Hacking has an active approach to the shaping of the proprietary structure of scientific information – to who owns and disposes of biological data and knowledge. But it also poses a challenge to Big Bio1 – the ensemble of big corporations, global universities and international and government agencies that compose the economic system of current life sciences – that aims at modifying the institutional environment in which biological research takes place by asking the question: who can perform biomedical research? Biohackers work against the high and well-defended thresholds to access that characterise Big Bio institutions. The skyrocketing costs of setting up a biomedical research laboratory, the increased complexity of biological research, the formal education required to work in a university or corporate lab, the complex bureaucracies that run scientific institutions, the legal and technological obstacles that prevent most people from accessing biomedical information have all been subject to attacks in the name of openness. Openness thus does not refer simply to access to information, but also to institutional change towards more open environments.

In fact, today the word ‘open’ has become an umbrella term that may refer to very different practices. In this book I use the expression ‘open science’ to describe a broad range of practices that include open source, open access, citizen science and online cooperative science or science 2.0.

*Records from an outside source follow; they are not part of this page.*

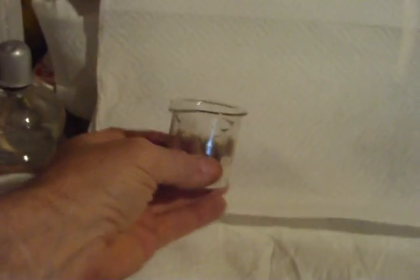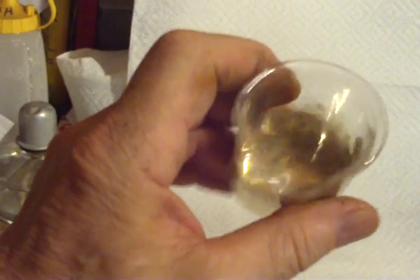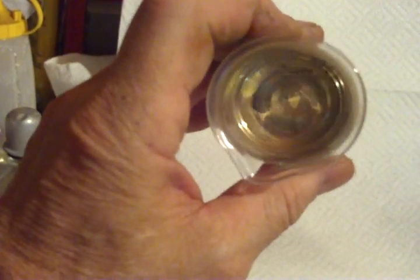My first go-around was a little beaker. You can see it's pretty reflective on the inside — it's pure silver.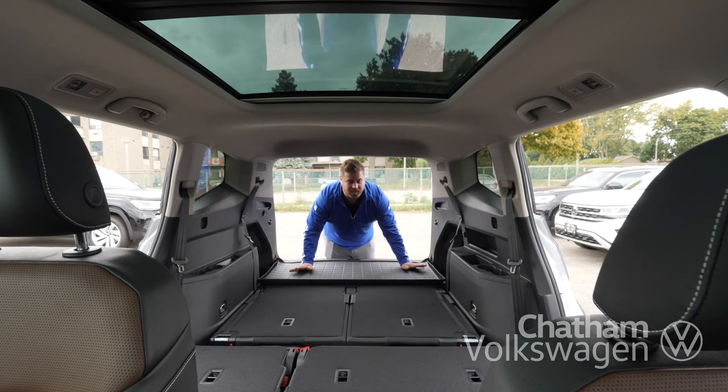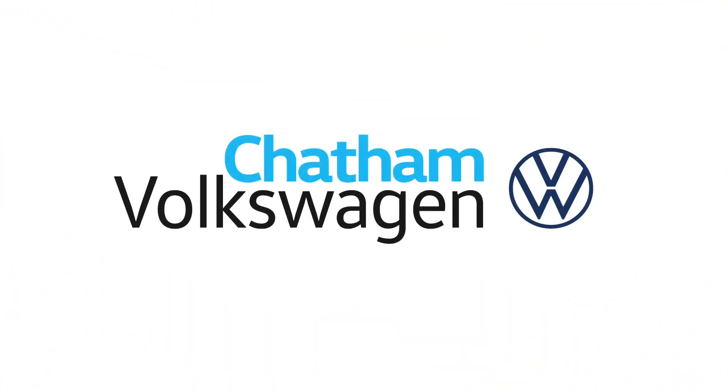As you can see, there's a ton of room back here — it could even fit a queen size mattress.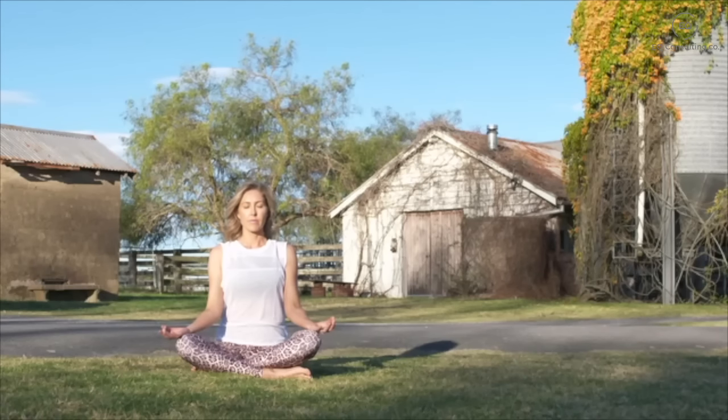We're going to activate your parasympathetic nervous system, which is your calming brakes within your body, and decrease your cortisol, which is your stress hormone. We do this by deep breathing for the next 60 seconds.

When analysing open science I do not focus only on intellectual property rights, but more generally on the practices that foster access to the production of scientific information and knowledge. Thus, in this book we will embark on a journey through the very different ways in which science can become open and free. We will see how open science can be detached from the control of bureaucracies, but also represent a business and marketing model, and how it can widen citizens’ access to scientific knowledge or even become a resistance practice.

An old tradition and a new technology have converged to make possible an unprecedented public good. The old tradition is the willingness of scientists and scholars to publish the fruits of their research in scholarly journals without payment, for the sake of inquiry and knowledge. The new technology is the internet. The public good they make possible is the world-wide electronic distribution of the peer-reviewed journal literature and completely free and unrestricted access to it by all scientists, scholars, teachers, students, and other curious minds.

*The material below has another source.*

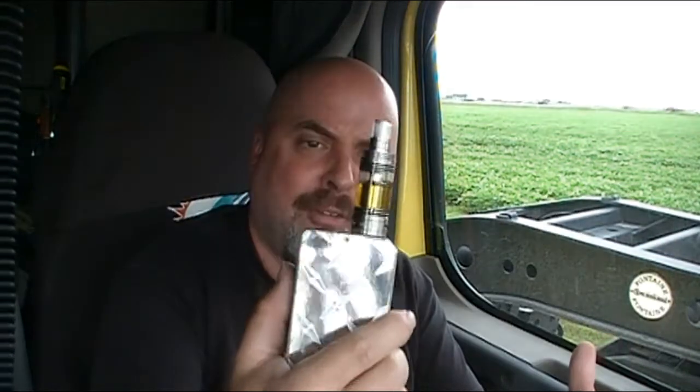Ever since the first sub-ohm tank came out, they've been all the rage. A lot of people are using these things — they're very easy for beginners to get a good vape. We've got a Smok VCT Pro today that we're going to review. It was sent to us by GearBest.com free of charge for the purpose of review. I am Steve Perry from SmokeInTheBandwidth.com, and I am slaving over a hot atomizer to bring you the best electronic cigarette news and reviews available on the World Wide Web. Today I am vaping like a pro.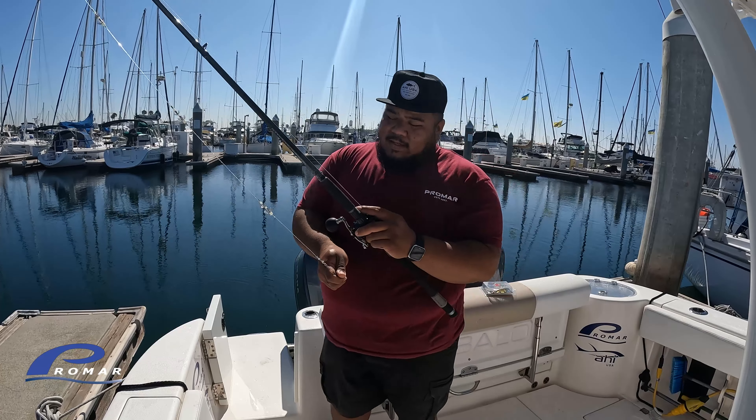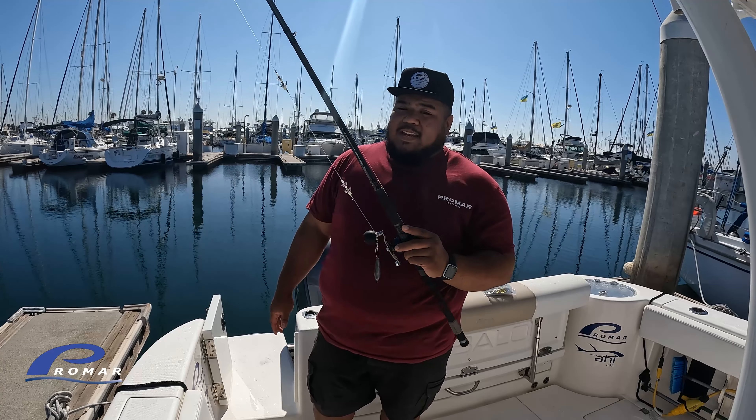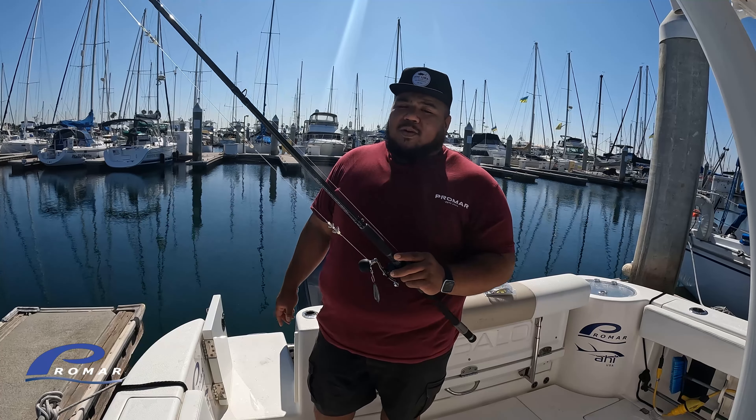As you can see guys, it was that easy. Squid is the best bait to use here in SoCal — everything eats it. It's a candy bait. That's why I highly recommend keeping these on your boat, because you never know when you'll come across the squid grounds and get some squid.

But my point is exactly that ‘the old tradition’ of the open science ethos is not enough to understand the transformations we are facing. This narrative about a corrupted Eden and its redemption is too simple and static. In order to present a different viewpoint on this story, I refer to the hacker ethic in order to study three open biology research projects. Criticising the main narration related to the cultural basis of open science, I want to shed light on the transformations that are shaking today’s science: a new open science culture that is emerging among biologists, evolving from the twentieth-century Mertonian ethos but also comprised of several new cultural elements.

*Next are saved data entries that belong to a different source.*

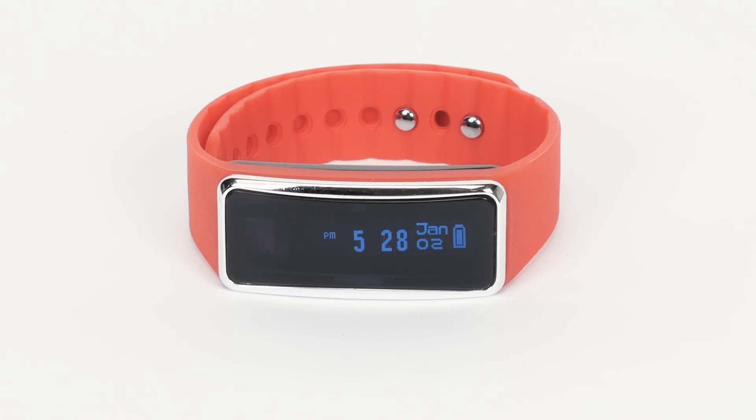Once your tracker is synced to your mobile device, you can begin to use it. To charge your tracker, you need to remove it from the wristband.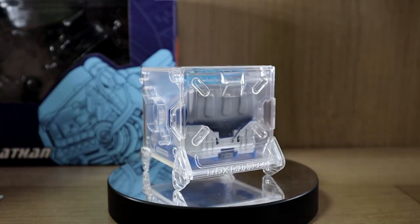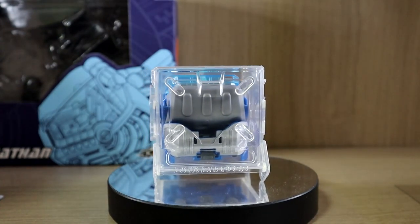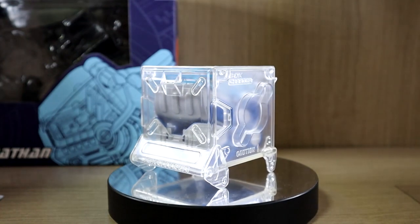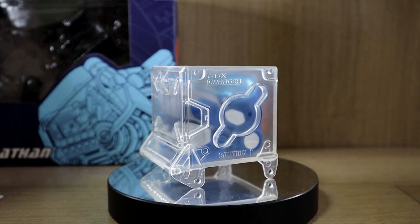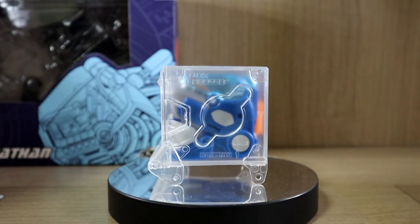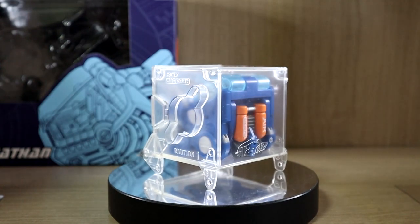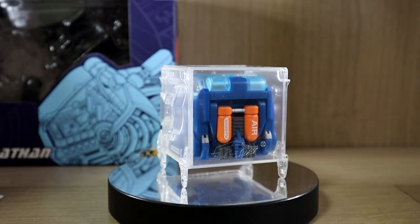Hello YouTube, this is Shirley426 and today we have the review of something different than what I usually review. This cube thing you see right now is basically what you call the Beast Box line from 52 Toys. I bought this myself — I am not sponsored, no one gave this to me for free, I actually ordered this on my own.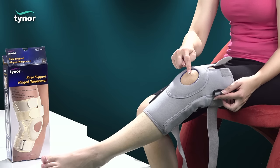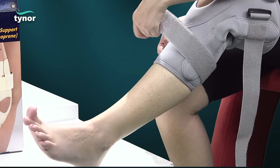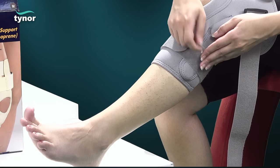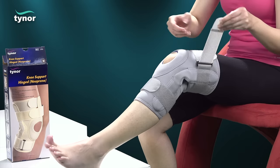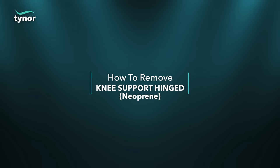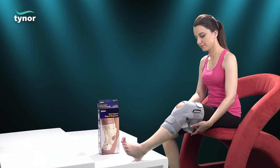The patella should align with the patellar window. Fasten first the lower and then the uppermost strap for a comfortable yet effective fit.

An attempt at clearly separating the many facets of hacking from each other might prove to be flawed, as it seems impossible to demarcate the line of separation between hacking as a critical and alternative approach to corporate computing, as a community- driven technological evolution and as a source of socio-technical innovations to be subsumed by corporations and governments. The countercultural roots of hacking and its contribution to the IT industry are inextricable.6 Thus hacking is useful in developing an understanding of the similarities and differences between the approach to scientific institutions, corporations, intellectual property rights and antiestablishment critiques expressed by the biologists I have included in this study. Pointing out the relationship between scientists and hacking also allows me to make a comparison between open science on the one hand, and the history and the political economy of free and open source software on the other.